• **Your objective**
Your task is to transcribe, word for word, the line containing "Produktbild för Nestingbord" and all lines that follow it to the end of the entries. Leave out the pictures.

======== Entries supplied

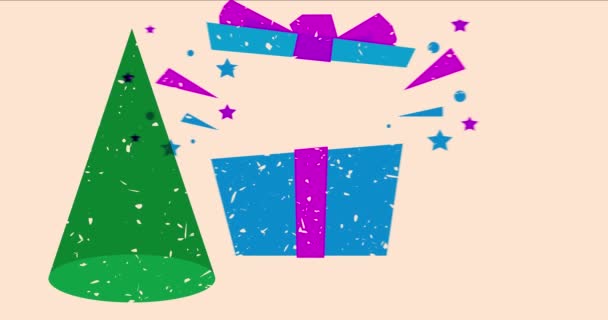 Risograph Gift Box Geometric Shapes Animation Moving Holiday Object Trendy — Stock Video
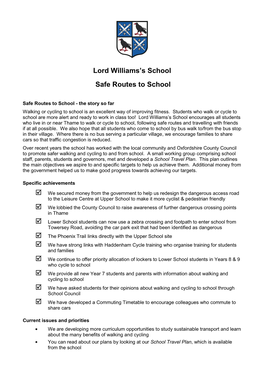 Lord Williams's School Safe Routes to School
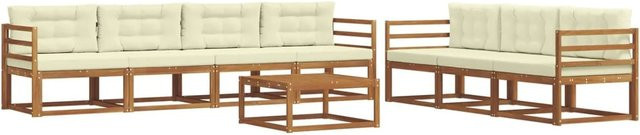 vidaXL Outdoor-Sofagarnitur aus Akazienholz mit Kissen in Natur und Beige - Bild 1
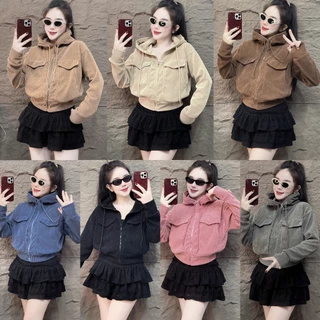 𝗤𝘂𝘆̀𝗻𝗵 𝗛𝗶́ | Áo khoác nhung gân tăm 6 túi mới về, chất vải thoáng mát, by Quỳnh Hí, hỏa tốc hcm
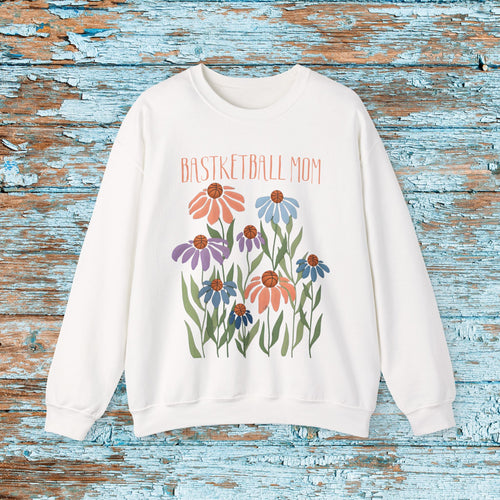 Basketball Mom Sweater Sweatshirt, Boho Basketball Crewneck, Floral Basketball Shirt, Basketball Gift for Women, Mom Shirt, Gildan 18000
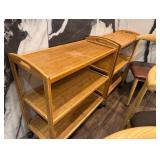 (2) wood rolling shelves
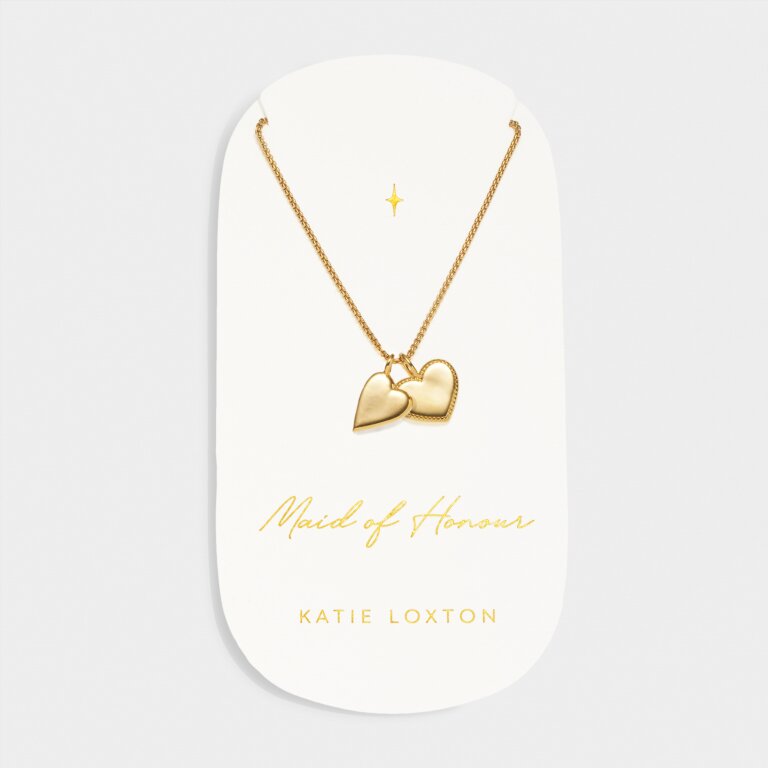 'Maid Of Honour' Waterproof Gold Bridal Charm Necklace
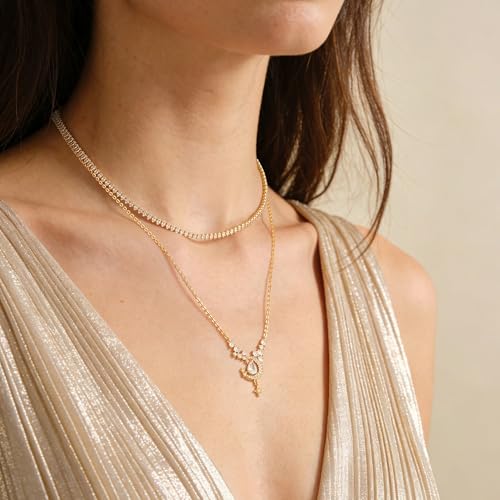 WEARON Gold Necklace for Women Gold Star Necklace 14K Gold Plated CZ Necklace Dainty Choker Charm Necklaces Hypoallergenic Trendy Jewelry for Women Gift - color: Moon Star Y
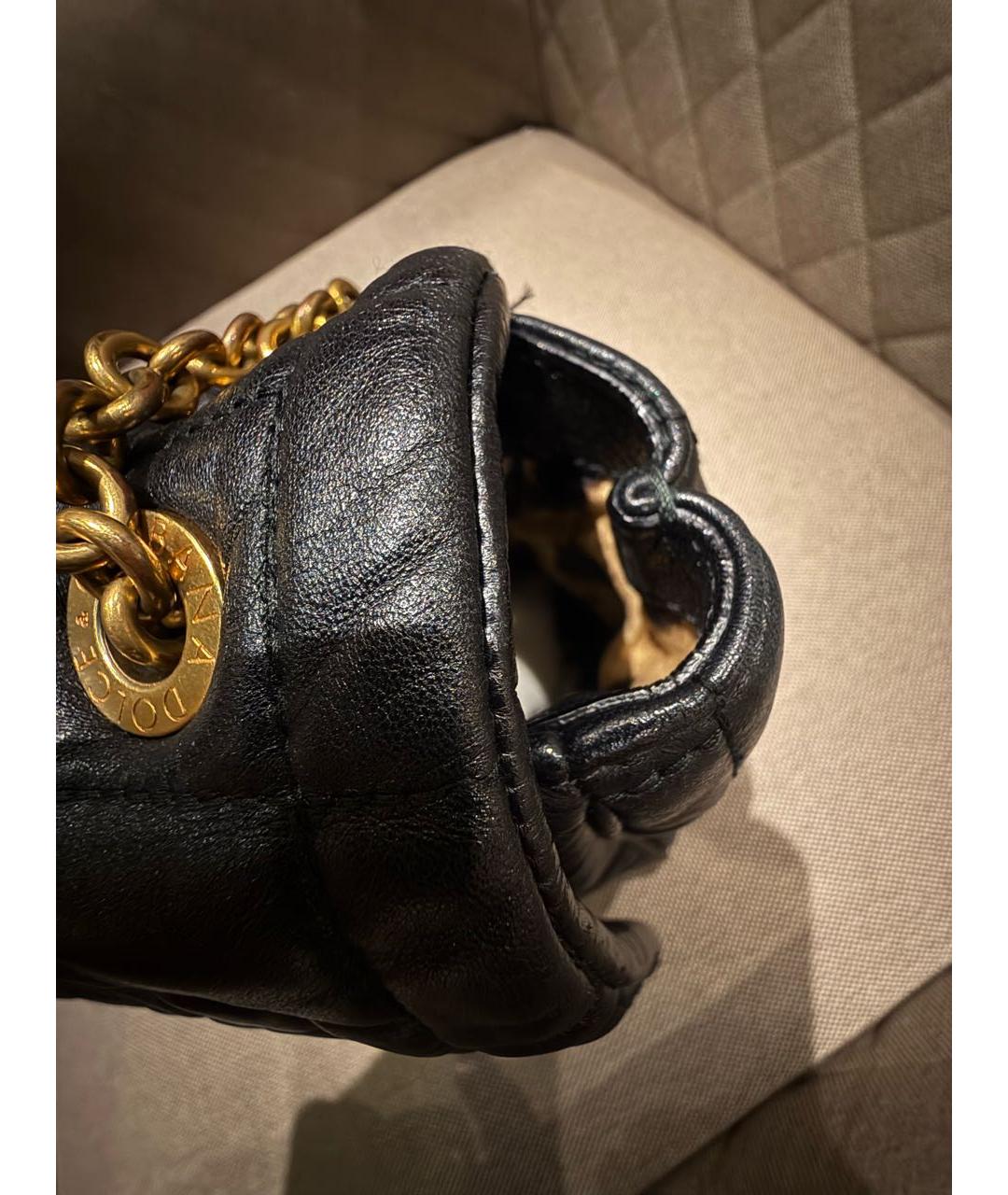 DOLCE&GABBANA Черная кожаная сумка через плечо, фото 6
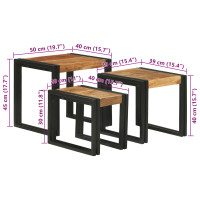 Produktbild för Nestingbord 3 pcs Brun och svart Massivt akaciaträ och metall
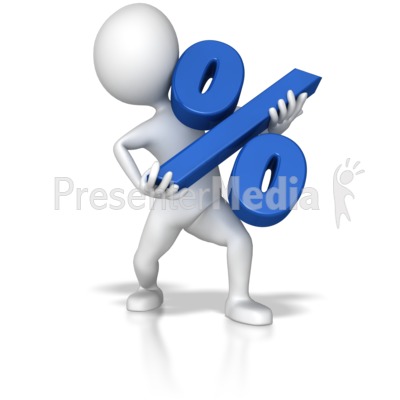 Stick Figure Holding Percent Symbol Presentation clipart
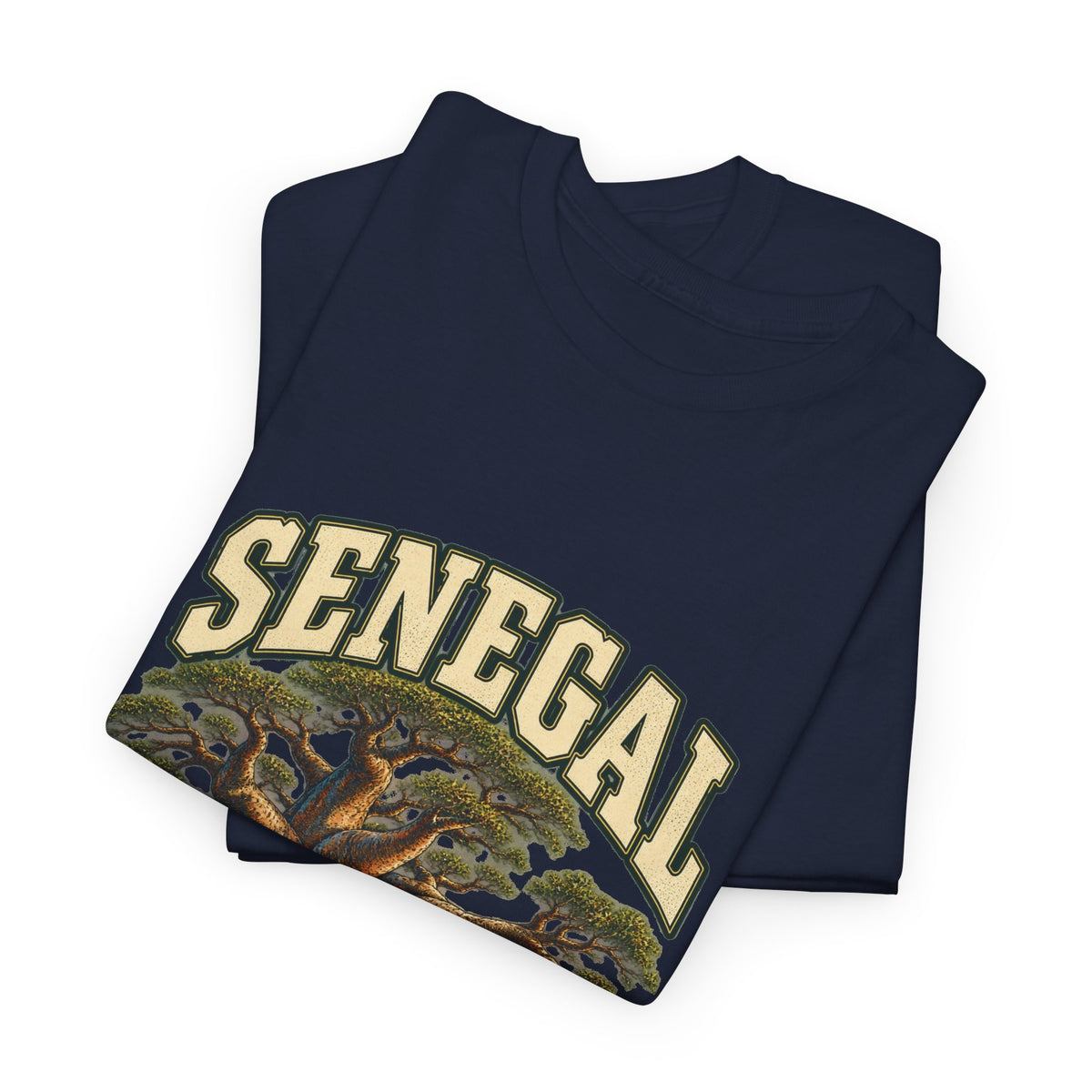 Folded Navy Senegal Fresh Prints T-shirt with cream country lettering and the baobab illustration visible.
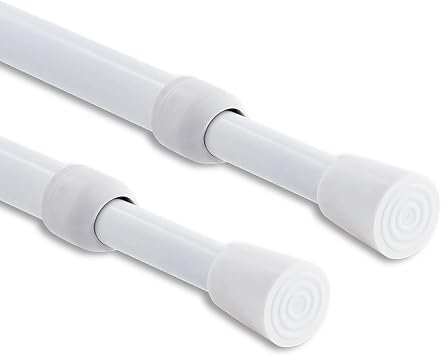 Tension Rod Shower Curtain Rod Spring Tension Rod Shower Rail Telescopic Adjustable Rust Proof Bathroom Room Divider Closet Stole Window Set of 2 Diameter 9-12mm - White / 70-120cm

================

• **Solution to this problem**
 Produktbild för Nestingbord 3 pcs Brun och svart Massivt akaciaträ och metall
 Stick Figure Holding Percent Symbol Presentation clipart
 Folded Navy Senegal Fresh Prints T-shirt with cream country lettering and the baobab illustration visible.
 Tension Rod Shower Curtain Rod Spring Tension Rod Shower Rail Telescopic Adjustable Rust Proof Bathroom Room Divider Closet Stole Window Set of 2 Diameter 9-12mm - White / 70-120cm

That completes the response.